Section 6.6. Filesystem-Independent Services | The Design and Implementation of the FreeBSD Operating System

6.6. Filesystem-Independent Services

The vnode interface not only supplies an object-oriented interface to the underlying filesystems but also provides a set of management routines that can be used by the client filesystems. These facilities are described in this section.

When the final file-entry reference to a file is closed, the usage count on the vnode drops to zero and the vnode interface calls the inactive() vnode operation. The inactive() call notifies the underlying filesystem that the file is no longer being used. The filesystem will often use this call to write dirty data back to the file but will not typically reclaim the memory holding file data. The filesystem is permitted to cache the file so that the latter can be reactivated quickly (i.e., without disk or network I/O) if the file is reopened.

In addition to the inactive() vnode operation being called when the reference count drops to zero, the vnode is placed on a systemwide free list. Unlike many vendor's vnode implementations, which have a fixed number of vnodes allocated to each filesystem type, the FreeBSD kernel keeps a single systemwide collection of vnodes. When an application opens a file that does not currently have an in-memory vnode, the client filesystem calls the getnewvnode() routine to allocate a new vnode. The kernel maintains two lists of free vnodes: those that have data pages cached in memory and those that do not have any data pages cached in memory. The preference is to reuse vnodes with no cached pages, since the reuse of a vnode with cached pages will cause all the cached pages associated with that vnode to lose their identity. If the vnodes were not classified separately, then an application that walked the filesystem tree doing stat calls on each file that it encountered would eventually flush all the vnodes referencing data pages, thus losing the identity of all the cached pages in the kernel. So when allocating a new vnode, the getnewvnode() routine first checks the front of the free list of vnodes with no cached pages and only if that list is empty does it select from the front of the list of vnodes with cached pages.

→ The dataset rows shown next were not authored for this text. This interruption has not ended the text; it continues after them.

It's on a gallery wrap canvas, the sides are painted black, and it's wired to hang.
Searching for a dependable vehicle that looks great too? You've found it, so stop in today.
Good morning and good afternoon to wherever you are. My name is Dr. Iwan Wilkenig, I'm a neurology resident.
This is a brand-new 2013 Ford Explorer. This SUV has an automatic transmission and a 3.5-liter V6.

Having selected a vnode, the getnewvnode() routine then calls the vnode's reclaim() operation to notify the filesystem currently using that vnode that it is about to be reused. The reclaim() operation writes back any dirty data associated with the underlying object, removes the underlying object from any lists that it is on (such as hash lists used to find it), and frees up any auxiliary storage that was being used by the object. The vnode is then returned for use by the new client filesystem.

The benefit of having a single global vnode table is that the kernel memory dedicated to vnodes is used more efficiently than when several filesystem-specific collections of vnodes are used. Consider a system that is willing to dedicate memory for 1000 vnodes. If the system supports 10 filesystem types, then each filesystem type will get 100 vnodes. If most of the activity moves to a single filesystem (e.g., during the compilation of a kernel located in a local filesystem), all the active files will have to be kept in the 100 vnodes dedicated to that filesystem while the other 900 vnodes sit idle. In a FreeBSD system, all 1000 vnodes could be used for the active filesystem, allowing a much larger set of files to be cached in memory. If the center of activity moved to another filesystem (e.g., compiling a program on an NFS mounted filesystem), the vnodes would migrate from the previously active local filesystem over to the NFS filesystem. Here, too, there would be a much larger set of cached files than if only 100 vnodes were available using a partitioned set of vnodes.

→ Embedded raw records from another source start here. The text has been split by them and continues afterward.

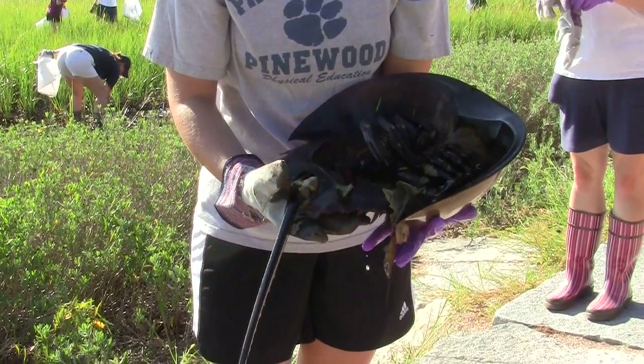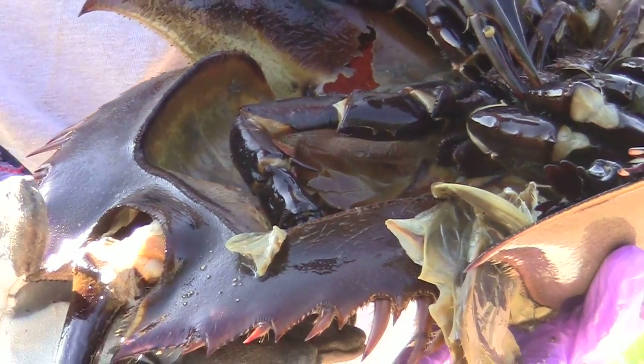They found some pretty cool things. One of the first things they found was a horseshoe crab that had been entangled in some plastic, so unfortunately it died. But it just shows why beach sweeps and things like this are so important for us all to do.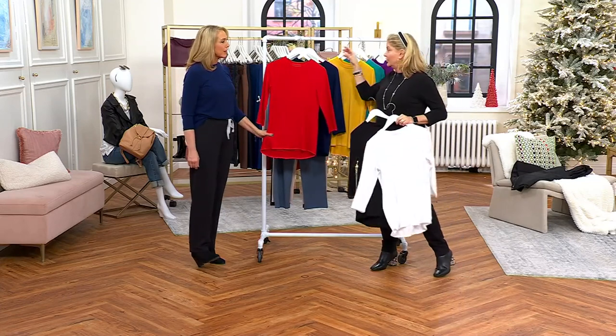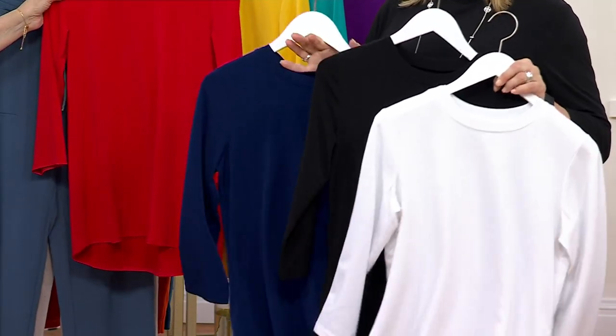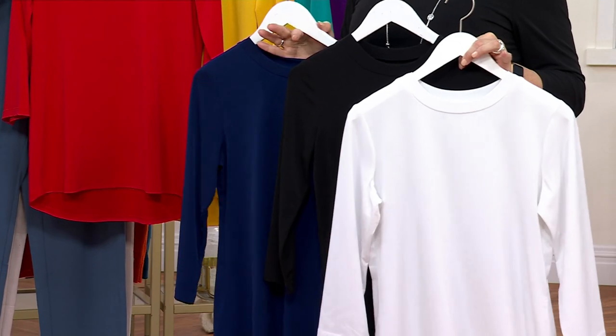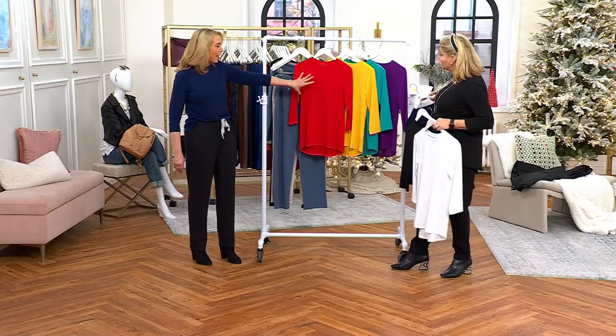Since it's a buy more, save more, why not do basics? Your navy, your black, and your white — pick those up. This will never go out of style. You can wear it alone, it layers beautifully. And then we have fashion colors that you can have fun with — a rainbow of colors. Get some color into your wardrobe.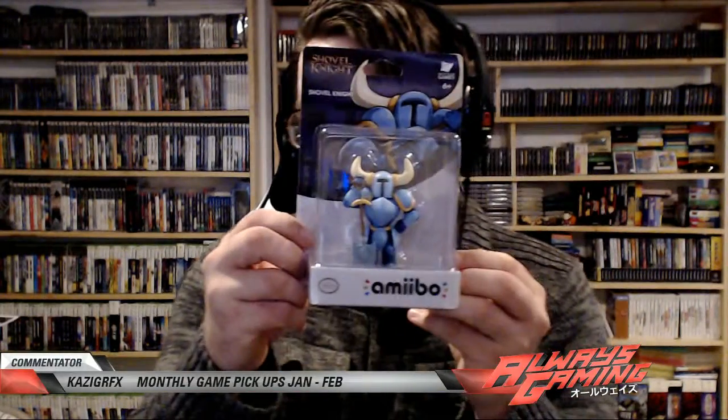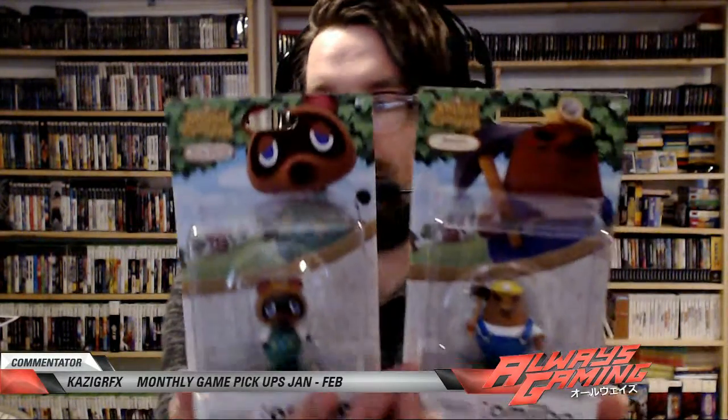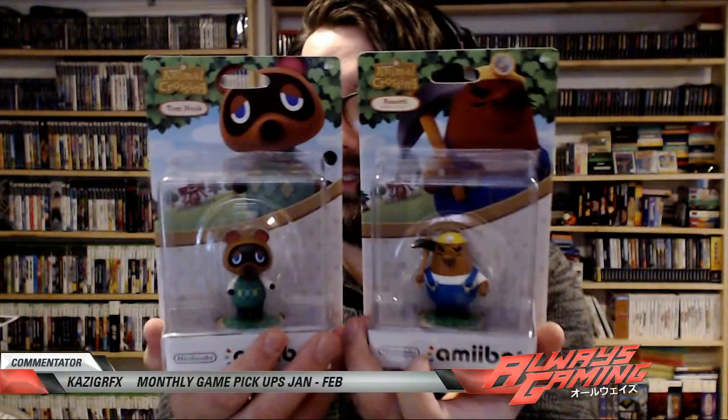I love collecting but I also love getting the deal. So I picked up the Shovel Knight amiibo — it's pretty awesome. I already damaged the box a little bit, which sucks, but I paid full retail price for it. Then I got Tom Nook and Resetti — these guys I paid five bucks each, so that's a pretty good deal.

The reclaim() operation is a disassociation of the underlying filesystem object from the vnode itself. This ability, combined with the ability to associate new objects with the vnode, provides functionality with usefulness that goes far beyond simply allowing vnodes to be moved from one filesystem to another. By replacing an existing object with an object from the dead filesystem-a filesystem in which all operations except close fail the kernel revokes the object. Internally, this revocation of an object is provided by the vgone() routine.

This revocation service is used for session management, where all references to the controlling terminal are revoked when the session leader exits. Revocation works as follows. All open terminal descriptors within the session reference the vnode for the special device representing the session terminal. When vgone() is called on this vnode, the underlying special device is detached from the vnode and is replaced with the dead filesystem. Any further operations on the vnode will result in errors, because the open descriptors no longer reference the terminal. Eventually, all the processes will exit and will close their descriptors, causing the reference count to drop to zero. The inactive() routine for the dead filesystem returns the vnode to the front of the free list for immediate reuse because it will never be possible to get a reference to the vnode again.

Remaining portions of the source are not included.